At a panel discussion on the banking industry I attended a few months ago, someone asked if it was possible to attract talent to senior positions without the promise of high, guaranteed bonuses. A senior HR executive from one of the major corporate banks and an academic both answered, quite confidently, that they thought it was. Bonuses, they agreed, could be much less than they currently are and banks would still attract top talent. The academic even said that talented people are not particularly motivated by money, but by the cut and thrust of deal-making. They want to be in the thick of big M&A activity. It’s a myth that the banks need to pay big bucks in order to stop top talent from joining other industries.
I asked why the banks didn’t bring their bonuses to a level that the rest of society would find reasonable. The answer was that none of the big players had the guts to try it. In other words, they were frightened of losing talent not to other sectors but to each other. If one bank blinks the talent will not be interested in joining and eventually what talent they have will disappear. If so, then there’s no question that the only way to deal with the matter is at the industry, if not, governmental level.
It has been proved many times that a strategy based around providing the best possible work experience is a more effective way to retain talent than paying the most. Indeed it was proved just last week by my friends at Goodman Masson, the finance industry recruiters. Their staff turnover level is well below 20% in an industry where average turnover exceeds 30%. A four point approach won Goodman Masson the coveted Great Place to Work award for Best Workplace in the medium size business category, and those four points are 1) Giving employees the tools and infrastructure to do their job well, 2) Giving them opportunities to develop professionally, 3) Paying them well and correctly, and 4) Giving them an environment they won’t want to leave. (Click here for the full report).
Note that the third point does not talk about excessively high pay, but it does suggest that Goodman Masson aim to be competitive with pay. They recognise that while remuneration is an important factor in staff retention, it’s not sustainable as the only tool in the box, because all it takes is for a competitor to offer more for the strategy to fall flat on its face. It’s the rest of the package that’s really important because that’s what creates the culture required that stops people wanting to leave. You will never build engagement by throwing money at your staff. In fact the more you throw at them the more they understand that you don’t care about them, but that you are simply buying them. People like to feel loved.
Retention comes from engagement and commitment to the company. It’s about creating an environment with shared values and where people appreciate that the company cares about them.

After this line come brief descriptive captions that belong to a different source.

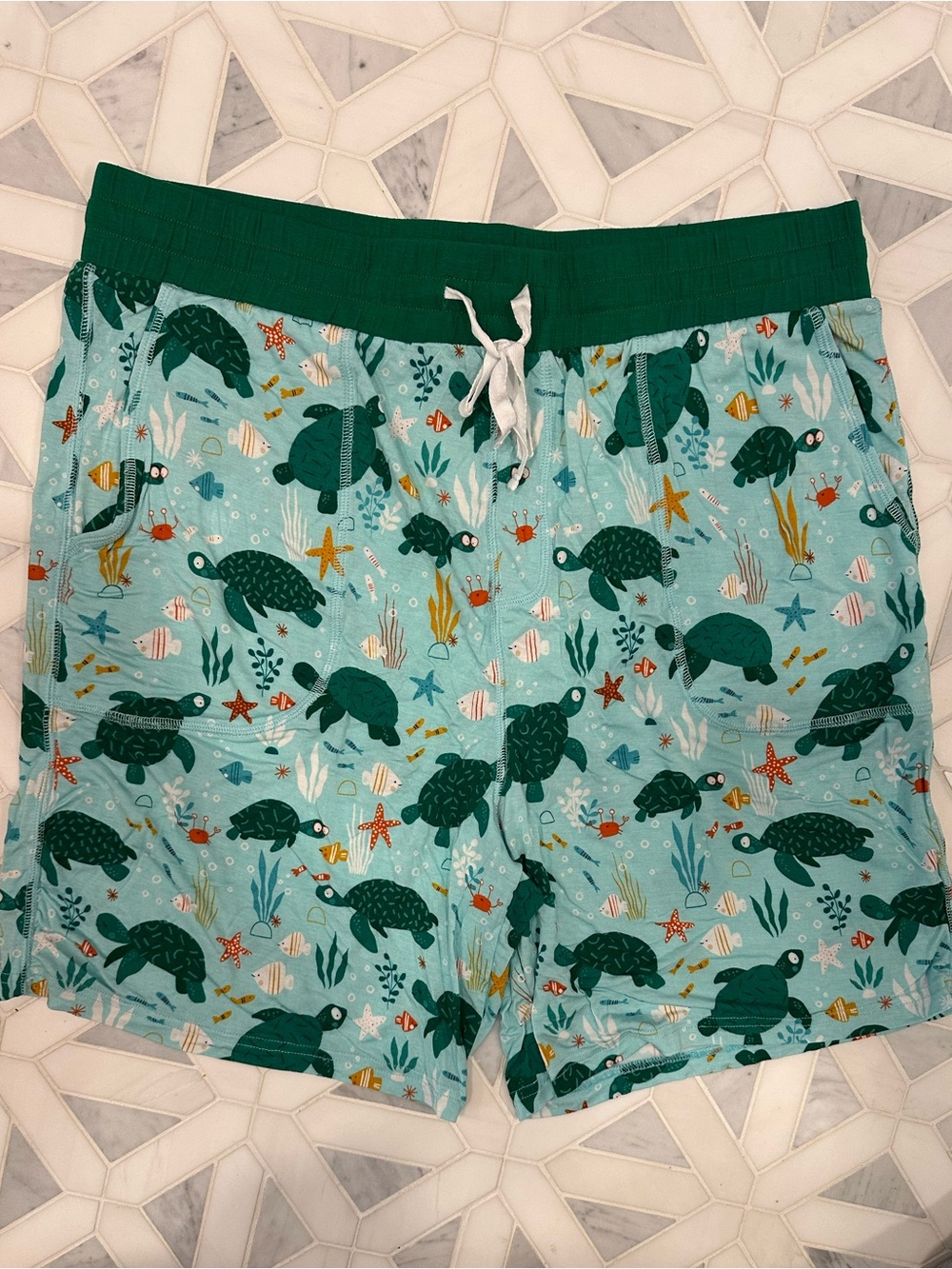 Little Sleepies MEN’S Teal & Aqua Turtle Sleep Shorts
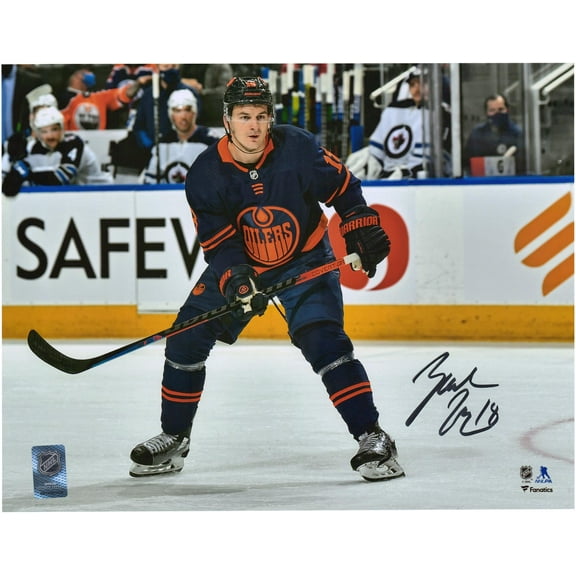 Zach Hyman Edmonton Oilers Autographed 11" x 14" Navy Skating Photograph - Fanatics Authentic Certified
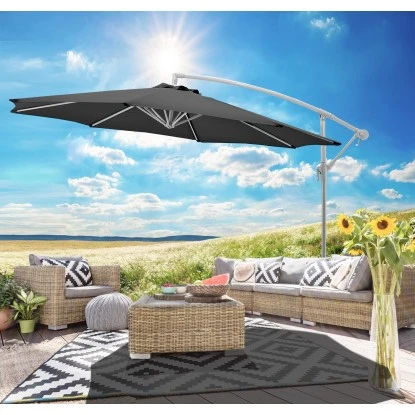 Gartenfreunde Ampelschirm Ø 300 Cm Anthrazit Mit Kurbel 4 Gartenfreunde Ampelschirm Ø 300 Cm Anthrazit Mit Kurbel – Bild 2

Now it may well be the case that bankers are somehow different to everyone else and are only interested in money, but that’s not my experience. In my experience some bankers are perfectly decent and lovely people, and some are something that rhymes with “bankers”. In other words, they’re pretty much like anyone else.
Can banks change? That’s not looking likely given that they are still a very long way from understanding that a business can stand for something more in the world than profit. Goodman Masson stands for caring about its people. Their priority is not about constantly demanding improved results from their staff. As a result of this employee engagement is high and guess what – performance is constantly on the up.